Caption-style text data
● ● ●
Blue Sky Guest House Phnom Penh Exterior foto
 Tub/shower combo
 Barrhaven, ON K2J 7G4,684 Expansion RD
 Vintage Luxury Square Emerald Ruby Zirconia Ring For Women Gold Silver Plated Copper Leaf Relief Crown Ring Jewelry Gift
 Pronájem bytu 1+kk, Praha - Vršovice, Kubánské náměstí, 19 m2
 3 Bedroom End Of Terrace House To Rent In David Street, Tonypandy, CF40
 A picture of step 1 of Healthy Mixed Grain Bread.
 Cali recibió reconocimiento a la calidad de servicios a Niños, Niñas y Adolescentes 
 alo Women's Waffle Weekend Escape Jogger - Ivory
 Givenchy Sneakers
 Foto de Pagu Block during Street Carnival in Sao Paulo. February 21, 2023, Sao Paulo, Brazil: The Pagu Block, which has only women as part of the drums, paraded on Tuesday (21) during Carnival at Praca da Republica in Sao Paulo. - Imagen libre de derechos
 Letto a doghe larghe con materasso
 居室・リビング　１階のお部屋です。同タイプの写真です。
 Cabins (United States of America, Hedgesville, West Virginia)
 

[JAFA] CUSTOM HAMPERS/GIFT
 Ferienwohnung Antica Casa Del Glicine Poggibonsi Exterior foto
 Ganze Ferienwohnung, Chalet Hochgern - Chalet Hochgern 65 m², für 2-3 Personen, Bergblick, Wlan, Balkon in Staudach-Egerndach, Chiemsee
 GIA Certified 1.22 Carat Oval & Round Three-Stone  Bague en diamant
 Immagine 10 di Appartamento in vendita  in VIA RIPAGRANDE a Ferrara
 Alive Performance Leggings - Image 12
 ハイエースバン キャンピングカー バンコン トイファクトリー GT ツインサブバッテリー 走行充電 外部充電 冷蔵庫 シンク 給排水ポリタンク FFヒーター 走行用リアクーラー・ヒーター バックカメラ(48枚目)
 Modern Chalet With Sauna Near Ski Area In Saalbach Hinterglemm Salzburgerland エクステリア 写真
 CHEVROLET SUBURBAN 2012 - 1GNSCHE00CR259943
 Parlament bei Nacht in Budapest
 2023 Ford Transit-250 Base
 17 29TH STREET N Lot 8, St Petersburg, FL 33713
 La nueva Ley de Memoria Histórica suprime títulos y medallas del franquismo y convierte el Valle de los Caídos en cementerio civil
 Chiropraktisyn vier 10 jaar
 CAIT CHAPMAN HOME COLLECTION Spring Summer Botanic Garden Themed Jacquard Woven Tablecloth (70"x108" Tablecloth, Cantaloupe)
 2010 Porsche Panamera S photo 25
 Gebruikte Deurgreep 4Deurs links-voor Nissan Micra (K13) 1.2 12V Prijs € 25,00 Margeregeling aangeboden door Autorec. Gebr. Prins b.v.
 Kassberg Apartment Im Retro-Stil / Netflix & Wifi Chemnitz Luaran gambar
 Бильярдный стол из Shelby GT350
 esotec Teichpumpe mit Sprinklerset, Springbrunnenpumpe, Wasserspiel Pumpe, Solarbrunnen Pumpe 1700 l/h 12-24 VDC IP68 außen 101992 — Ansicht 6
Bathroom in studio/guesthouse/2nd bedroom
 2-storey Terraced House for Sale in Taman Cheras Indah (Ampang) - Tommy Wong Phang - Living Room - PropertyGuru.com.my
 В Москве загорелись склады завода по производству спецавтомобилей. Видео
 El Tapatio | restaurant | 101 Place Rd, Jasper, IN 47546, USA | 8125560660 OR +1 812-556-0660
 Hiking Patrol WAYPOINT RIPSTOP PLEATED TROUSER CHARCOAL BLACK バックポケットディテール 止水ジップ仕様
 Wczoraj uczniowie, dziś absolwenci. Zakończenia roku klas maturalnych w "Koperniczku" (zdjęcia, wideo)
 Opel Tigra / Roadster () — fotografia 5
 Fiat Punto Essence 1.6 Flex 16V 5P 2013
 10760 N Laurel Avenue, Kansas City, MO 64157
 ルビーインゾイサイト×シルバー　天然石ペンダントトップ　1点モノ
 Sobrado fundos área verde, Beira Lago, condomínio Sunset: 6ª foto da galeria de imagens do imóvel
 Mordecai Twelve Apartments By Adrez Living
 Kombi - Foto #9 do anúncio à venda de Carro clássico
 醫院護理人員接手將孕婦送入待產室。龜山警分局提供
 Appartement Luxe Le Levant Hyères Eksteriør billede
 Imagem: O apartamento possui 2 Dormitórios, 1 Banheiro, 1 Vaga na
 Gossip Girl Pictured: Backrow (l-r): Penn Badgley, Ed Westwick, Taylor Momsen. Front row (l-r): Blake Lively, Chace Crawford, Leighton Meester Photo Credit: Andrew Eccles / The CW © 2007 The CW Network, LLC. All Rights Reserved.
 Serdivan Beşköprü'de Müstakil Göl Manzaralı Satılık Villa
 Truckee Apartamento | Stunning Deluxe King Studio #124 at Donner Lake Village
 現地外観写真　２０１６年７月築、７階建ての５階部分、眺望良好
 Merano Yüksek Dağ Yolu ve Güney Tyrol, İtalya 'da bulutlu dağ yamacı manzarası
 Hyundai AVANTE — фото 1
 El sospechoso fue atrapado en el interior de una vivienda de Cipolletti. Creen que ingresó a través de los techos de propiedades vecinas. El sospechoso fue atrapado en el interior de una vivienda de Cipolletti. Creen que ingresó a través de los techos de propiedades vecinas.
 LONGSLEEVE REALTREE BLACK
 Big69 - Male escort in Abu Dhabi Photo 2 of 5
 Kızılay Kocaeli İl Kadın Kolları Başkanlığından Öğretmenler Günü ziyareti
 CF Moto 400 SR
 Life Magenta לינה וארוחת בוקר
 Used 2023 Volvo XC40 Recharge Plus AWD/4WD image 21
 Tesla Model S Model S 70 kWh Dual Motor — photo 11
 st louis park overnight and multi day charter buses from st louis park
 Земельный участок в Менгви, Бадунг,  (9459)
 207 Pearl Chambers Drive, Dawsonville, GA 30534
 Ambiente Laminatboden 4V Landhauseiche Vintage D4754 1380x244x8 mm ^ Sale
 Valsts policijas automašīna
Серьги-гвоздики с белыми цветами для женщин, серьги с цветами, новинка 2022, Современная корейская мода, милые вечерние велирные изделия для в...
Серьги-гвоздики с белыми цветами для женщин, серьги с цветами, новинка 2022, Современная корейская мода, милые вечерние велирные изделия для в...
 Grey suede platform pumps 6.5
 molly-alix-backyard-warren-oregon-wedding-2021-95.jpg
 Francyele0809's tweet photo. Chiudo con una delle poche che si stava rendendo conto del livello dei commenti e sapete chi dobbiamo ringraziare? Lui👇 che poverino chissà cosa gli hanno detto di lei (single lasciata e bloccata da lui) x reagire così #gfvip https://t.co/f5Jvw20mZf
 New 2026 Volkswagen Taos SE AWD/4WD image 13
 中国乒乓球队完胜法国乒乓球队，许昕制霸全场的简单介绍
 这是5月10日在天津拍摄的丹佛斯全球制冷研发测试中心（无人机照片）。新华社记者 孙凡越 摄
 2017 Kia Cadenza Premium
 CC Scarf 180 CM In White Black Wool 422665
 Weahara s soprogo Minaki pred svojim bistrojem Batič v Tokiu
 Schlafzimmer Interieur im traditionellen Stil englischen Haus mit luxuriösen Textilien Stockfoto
● ● ●
## Exercise goal:
The answer is a number only: how many lines of the data above include "Living"?

## Solution to this task:
2